To date, most of the experimentation within the health care system to address underlying social determinants of health has occurred within the framework offered by Medicare. Such interventions have focused on home-based, patient-centered care, supportive housing, in-home meal delivery, and community-based assistive services. They have yielded improvements in the health of the individuals served and some reductions of health care use. Some states have used Medicaid waivers to allow provision of certain community-based services. Within child health there have been experiments offering similar service options, such as intensive, comprehensive case management to patients and families, housing assistance, and referral for social and legal services.
With a very few, notable exceptions, all of these early efforts to address social determinants of health were built on a medical model, i.e., identifying and treating specific factors contributing to the individual’s poor health. Our existing service delivery systems, which are designed to hew to this traditional model, have had some success but at unsustainable costs.

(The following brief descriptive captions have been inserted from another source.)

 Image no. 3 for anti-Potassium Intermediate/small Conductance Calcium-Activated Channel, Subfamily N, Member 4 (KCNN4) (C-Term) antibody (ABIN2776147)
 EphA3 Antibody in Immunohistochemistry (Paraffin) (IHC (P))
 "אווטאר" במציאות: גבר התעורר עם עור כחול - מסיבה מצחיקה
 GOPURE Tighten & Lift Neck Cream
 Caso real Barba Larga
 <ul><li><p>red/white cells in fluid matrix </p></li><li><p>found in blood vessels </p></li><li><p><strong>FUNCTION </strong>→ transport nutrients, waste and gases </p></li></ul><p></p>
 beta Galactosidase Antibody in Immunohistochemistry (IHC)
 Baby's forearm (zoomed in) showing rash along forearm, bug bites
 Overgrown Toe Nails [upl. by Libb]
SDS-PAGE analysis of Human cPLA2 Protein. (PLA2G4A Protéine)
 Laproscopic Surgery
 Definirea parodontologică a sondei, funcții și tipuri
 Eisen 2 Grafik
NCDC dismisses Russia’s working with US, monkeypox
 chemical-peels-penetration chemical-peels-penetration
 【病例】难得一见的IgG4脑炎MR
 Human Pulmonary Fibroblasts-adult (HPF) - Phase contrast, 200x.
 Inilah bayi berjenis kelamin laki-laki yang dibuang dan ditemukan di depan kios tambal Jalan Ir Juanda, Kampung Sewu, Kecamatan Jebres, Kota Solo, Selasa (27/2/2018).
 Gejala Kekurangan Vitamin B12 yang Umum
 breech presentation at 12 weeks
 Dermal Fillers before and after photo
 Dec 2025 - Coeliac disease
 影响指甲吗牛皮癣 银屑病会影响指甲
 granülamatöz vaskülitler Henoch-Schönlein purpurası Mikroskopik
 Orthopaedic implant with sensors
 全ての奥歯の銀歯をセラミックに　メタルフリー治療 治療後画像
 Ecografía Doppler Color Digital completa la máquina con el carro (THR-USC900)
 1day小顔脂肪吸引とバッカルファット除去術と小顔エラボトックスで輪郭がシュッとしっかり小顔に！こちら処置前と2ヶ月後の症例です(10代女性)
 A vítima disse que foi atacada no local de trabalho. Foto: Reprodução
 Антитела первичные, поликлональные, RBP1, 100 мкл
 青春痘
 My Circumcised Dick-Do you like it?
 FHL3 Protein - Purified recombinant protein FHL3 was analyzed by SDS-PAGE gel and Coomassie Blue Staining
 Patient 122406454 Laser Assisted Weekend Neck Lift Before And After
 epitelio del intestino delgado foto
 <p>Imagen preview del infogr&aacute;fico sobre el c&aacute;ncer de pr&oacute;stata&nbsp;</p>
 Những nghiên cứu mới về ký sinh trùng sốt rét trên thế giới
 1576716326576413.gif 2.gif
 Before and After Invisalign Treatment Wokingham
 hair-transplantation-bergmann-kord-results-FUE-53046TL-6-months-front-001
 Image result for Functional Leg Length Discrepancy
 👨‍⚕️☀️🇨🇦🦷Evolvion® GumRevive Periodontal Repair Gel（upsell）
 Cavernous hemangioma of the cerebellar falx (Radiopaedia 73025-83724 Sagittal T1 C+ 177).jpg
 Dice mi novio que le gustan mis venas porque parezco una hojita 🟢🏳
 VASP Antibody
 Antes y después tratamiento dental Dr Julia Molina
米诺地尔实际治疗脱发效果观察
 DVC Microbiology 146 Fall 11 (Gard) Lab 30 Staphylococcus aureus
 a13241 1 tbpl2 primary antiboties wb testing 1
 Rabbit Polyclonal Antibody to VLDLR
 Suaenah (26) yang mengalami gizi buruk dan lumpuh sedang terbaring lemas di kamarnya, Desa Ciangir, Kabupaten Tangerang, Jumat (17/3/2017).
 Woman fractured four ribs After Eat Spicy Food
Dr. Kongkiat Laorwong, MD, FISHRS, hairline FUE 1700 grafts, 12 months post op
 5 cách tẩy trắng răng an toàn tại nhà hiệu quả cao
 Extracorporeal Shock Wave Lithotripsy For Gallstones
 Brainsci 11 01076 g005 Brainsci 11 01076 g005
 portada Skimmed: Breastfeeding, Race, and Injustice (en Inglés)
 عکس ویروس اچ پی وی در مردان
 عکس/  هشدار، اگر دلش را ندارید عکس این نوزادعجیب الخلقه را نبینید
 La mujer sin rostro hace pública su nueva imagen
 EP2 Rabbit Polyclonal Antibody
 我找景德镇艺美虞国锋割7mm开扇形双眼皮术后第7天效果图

A public health approach to better serve populations as opposed to individuals would be more efficient and effective. Implementing broad changes in social programs can reduce potentially adverse circumstances that contribute to poor health and harmful health behaviors. Fee-for-service payment schemes perpetuate an individual-based approach to solving health problems. Adopting a capitated model in which all costs are covered by a single advance payment, such as those used by accountable care organizations, can encourage but does not necessarily assure that population-based, integrated approaches will be adopted.
Some health care systems, guided by their own cost-benefit analyses, are addressing social determinants of health, not as their mission but rather as cost-saving strategies for individual or targeted groups of high-risk patients, under the rubric of value-based purchasing. This is a step toward, but still a long way from, adopting the changes in social policy that are necessary to improve the standard of living and quality of life of Americans. Until such changes occur, health care costs will continue to rise and the health of the nation will remain poor in contrast to the rest of the developed world.
Data on Social Determinants of Health
There is substantial evidence that children’s health is directly correlated with income and inequities in access to resources and services. The American Academy of Pediatrics has called for an effort to reduce childhood poverty and to mitigate the adverse outcomes of challenging social circumstances in order to obtain and maintain good health.
Many indicators on kidsdata.org describe social determinants of health, the family and community factors that affect individuals’ health and well being. Social determinants can help make individuals’ health better or worse. Examples include economic well-being, housing stability, community connectedness, and parents’ physical and mental health.